Streitpunkte zwischen Arbeitgeber- und Arbeitnehmerseite sollen dabei durch eine zu gründende gemeinsame Kommission geklärt werden. Die in der Kommission beschlossenen Ergebnisse sollen in das Gesetz einfließen. Simitis schloß jedoch weitere Maßnahmen bis zum Beitritt Griechenlands zur EU-Währungsunion kategorisch aus.

So waren denn auch die Feierlichkeiten zum 25. Geburtstag der Pasok trotz des Geschenkpaketes der Regierung etwas getrübt. Über die Differenzen mußte die Beschwörung der gemeinsamen Vergangenheit hinweghelfen. Gerade einmal sieben Jahre hatten dem charismatischen Parteigründer Andreas Papandreou genügt, um 1981 zur zentralen Gestalt der griechischen Politik zu werden - von einer durch Wahlen verwirklichten Revolution sprachen man, als im Oktober 1981 die Pasok an die Macht kam.
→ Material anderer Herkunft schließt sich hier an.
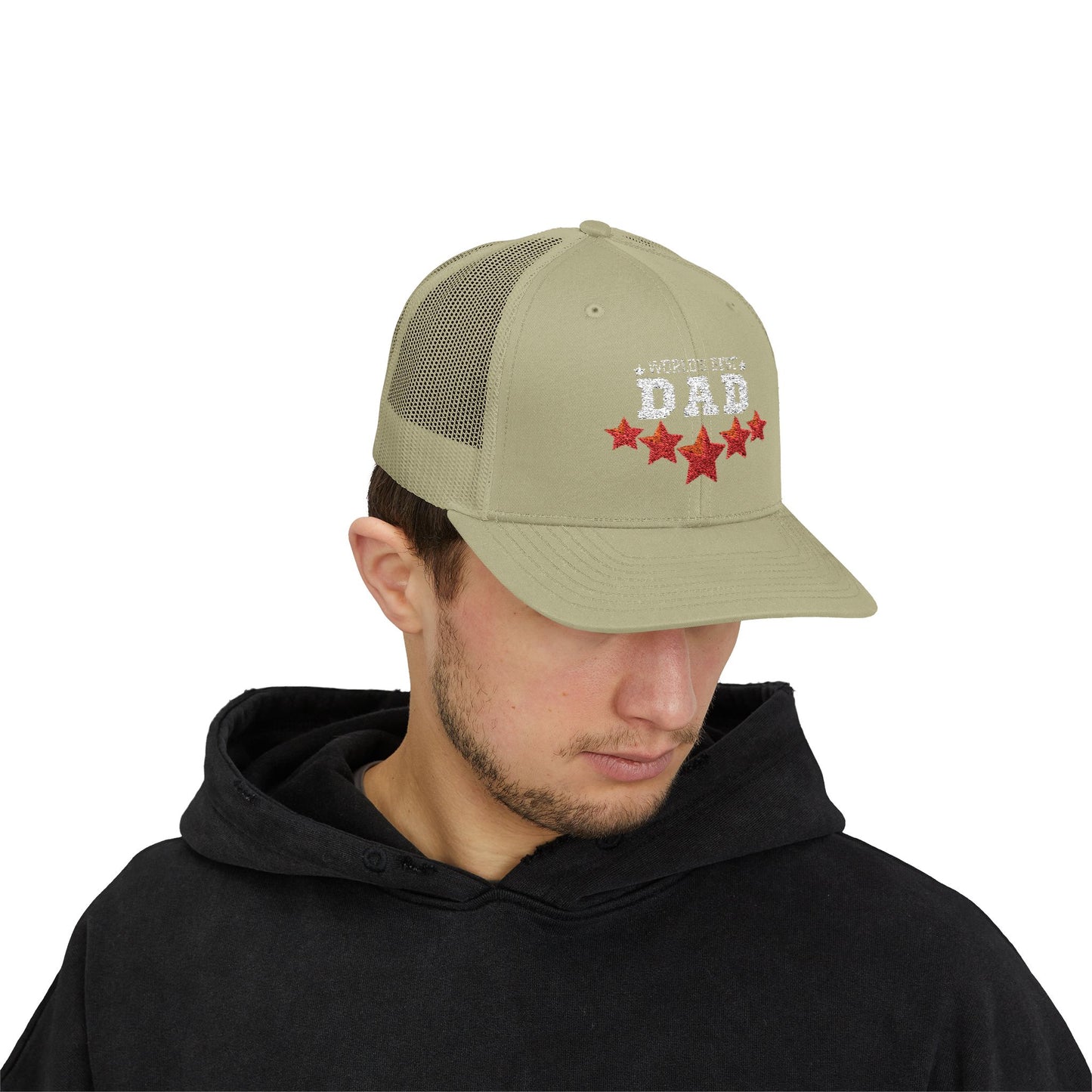 World's Best Dad Trucker Cap | Father's Day Gift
Seither regiert die Partei, nur unterbrochen durch eine kurze Phase von 1990 bis 1993.

Hervorgegangen aus dem bewaffneten Kampf der von ihm selbst gegründeten PAK (Allgriechische Befreiungsbewegung) gegen die griechische Militärjunta (1967 bis 1974), nahmen Papandreou und seine Mitstreiter 1974 auch den Kampf um die Stimmzettel auf - mit einem sozialistisch-antiimperialistischen Programm und guten Verbindungen zu allen möglichen Befreiungsbewegungen der siebziger und achtziger Jahren. "Yankees go home", "Raus aus der Nato", "Nein zur EG", "Enteignung von Banken und Großindustrie", "Trennung von Staat und Kirche" und "Verteilung des Kirchengrundes an Landkooperativen", lauteten noch 1981 die Forderungen auf Pasok-Parteitagen.

Was folgte, als die Pasok die Regierung stellte, war das bekannte sozialdemokratische Drama mit Namen "Realpolitik". Finanzielle Zuschüsse in Milliardenhöhe sorgten dafür, daß Griechenland nicht die Nato verließ und der EG beitrat; Staat und Kirche blieben eng beisammen und über den Kirchengrund wachen weiterhin die Popen. Allein ein Privileg wurde aufgehoben - seit 1981 dürfen auch die griechischen Frauen einen Scheidungsantrag stellen.

Die in den Anfängen steckengebliebene Verstaatlichung der Schlüsselindustrien wird seit drei Jahren von der nach dem Tod Papandreous runderneuerten Pasok unter Kostas Simitis in ihr Gegenteil verkehrt. Umfangreiche Privatisierungen der noch verbliebenen Staatsbetriebe führen bis heute immer wieder zu heftigen Auseinandersetzungen zwischen dem Staat und den Belegschaften. Nun sollen kleine Geschenke für Abhilfe sorgen.